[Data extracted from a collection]
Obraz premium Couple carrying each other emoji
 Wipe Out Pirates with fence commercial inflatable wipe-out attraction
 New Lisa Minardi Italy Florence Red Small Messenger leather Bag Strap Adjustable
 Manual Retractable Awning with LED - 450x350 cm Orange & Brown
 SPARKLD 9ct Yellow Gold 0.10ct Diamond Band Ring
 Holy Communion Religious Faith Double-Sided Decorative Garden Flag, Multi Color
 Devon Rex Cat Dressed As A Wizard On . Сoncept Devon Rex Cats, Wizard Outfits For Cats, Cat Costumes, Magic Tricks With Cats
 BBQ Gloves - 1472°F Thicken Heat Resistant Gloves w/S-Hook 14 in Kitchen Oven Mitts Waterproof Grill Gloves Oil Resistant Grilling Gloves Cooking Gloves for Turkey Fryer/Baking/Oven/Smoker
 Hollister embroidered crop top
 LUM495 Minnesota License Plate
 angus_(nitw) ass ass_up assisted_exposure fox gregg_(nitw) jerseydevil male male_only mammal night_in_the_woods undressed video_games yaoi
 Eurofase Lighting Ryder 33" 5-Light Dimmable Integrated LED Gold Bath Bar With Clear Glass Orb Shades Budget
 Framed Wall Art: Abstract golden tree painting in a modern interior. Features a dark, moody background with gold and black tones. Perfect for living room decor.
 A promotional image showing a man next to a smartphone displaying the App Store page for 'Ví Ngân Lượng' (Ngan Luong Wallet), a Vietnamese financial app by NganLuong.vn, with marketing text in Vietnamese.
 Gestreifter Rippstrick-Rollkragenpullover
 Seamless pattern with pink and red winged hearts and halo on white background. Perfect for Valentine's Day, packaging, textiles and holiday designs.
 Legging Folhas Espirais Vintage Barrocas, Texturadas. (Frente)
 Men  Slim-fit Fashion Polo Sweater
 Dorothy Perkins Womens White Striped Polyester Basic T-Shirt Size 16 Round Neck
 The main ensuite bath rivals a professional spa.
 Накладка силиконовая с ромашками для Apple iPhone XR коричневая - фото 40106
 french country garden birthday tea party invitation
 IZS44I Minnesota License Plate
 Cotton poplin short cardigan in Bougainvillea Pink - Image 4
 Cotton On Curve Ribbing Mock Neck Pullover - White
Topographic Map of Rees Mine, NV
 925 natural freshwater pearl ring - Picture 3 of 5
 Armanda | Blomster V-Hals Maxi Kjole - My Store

To do: After reading the entries above, state how many lines hold the word "background", with no text besides the number.

Answer: 2